[Caption-style text data]
******
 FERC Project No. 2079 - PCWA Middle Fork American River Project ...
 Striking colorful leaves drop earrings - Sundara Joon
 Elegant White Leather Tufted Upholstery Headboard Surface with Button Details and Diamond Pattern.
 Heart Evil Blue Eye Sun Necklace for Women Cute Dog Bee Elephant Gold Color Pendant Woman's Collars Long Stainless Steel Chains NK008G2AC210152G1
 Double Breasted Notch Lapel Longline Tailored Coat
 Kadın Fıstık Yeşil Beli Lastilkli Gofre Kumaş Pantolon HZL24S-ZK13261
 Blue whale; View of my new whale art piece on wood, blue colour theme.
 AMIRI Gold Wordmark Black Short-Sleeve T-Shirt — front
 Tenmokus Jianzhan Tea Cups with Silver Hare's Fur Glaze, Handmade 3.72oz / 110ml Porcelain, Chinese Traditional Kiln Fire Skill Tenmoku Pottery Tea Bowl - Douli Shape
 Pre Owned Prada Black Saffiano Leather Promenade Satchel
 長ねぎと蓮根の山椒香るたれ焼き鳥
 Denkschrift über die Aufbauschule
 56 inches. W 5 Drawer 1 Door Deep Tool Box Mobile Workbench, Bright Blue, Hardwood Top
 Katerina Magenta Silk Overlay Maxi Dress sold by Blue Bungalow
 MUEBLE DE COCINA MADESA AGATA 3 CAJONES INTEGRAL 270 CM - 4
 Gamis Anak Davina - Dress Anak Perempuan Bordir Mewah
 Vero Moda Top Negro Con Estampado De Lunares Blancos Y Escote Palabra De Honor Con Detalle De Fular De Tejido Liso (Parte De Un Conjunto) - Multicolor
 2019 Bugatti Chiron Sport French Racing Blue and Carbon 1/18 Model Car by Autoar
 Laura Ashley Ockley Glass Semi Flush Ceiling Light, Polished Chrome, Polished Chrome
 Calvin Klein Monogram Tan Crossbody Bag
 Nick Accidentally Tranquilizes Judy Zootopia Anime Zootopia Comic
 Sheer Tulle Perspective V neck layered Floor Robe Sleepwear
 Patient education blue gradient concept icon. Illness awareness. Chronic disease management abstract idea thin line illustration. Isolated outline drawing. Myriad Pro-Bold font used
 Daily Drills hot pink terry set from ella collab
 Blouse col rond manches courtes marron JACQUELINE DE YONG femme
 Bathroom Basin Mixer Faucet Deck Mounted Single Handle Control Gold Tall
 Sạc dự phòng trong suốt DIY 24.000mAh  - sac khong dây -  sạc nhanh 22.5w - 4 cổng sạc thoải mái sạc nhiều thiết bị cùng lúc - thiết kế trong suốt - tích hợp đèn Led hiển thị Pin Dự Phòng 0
******
Return the span of lines in the data above that opens at the line with "Gamis Anak Davina" and closes at the line with "Nick Accidentally Tranquilizes", exactly, ends included, nothing else.

 Gamis Anak Davina - Dress Anak Perempuan Bordir Mewah
 Vero Moda Top Negro Con Estampado De Lunares Blancos Y Escote Palabra De Honor Con Detalle De Fular De Tejido Liso (Parte De Un Conjunto) - Multicolor
 2019 Bugatti Chiron Sport French Racing Blue and Carbon 1/18 Model Car by Autoar
 Laura Ashley Ockley Glass Semi Flush Ceiling Light, Polished Chrome, Polished Chrome
 Calvin Klein Monogram Tan Crossbody Bag
 Nick Accidentally Tranquilizes Judy Zootopia Anime Zootopia Comic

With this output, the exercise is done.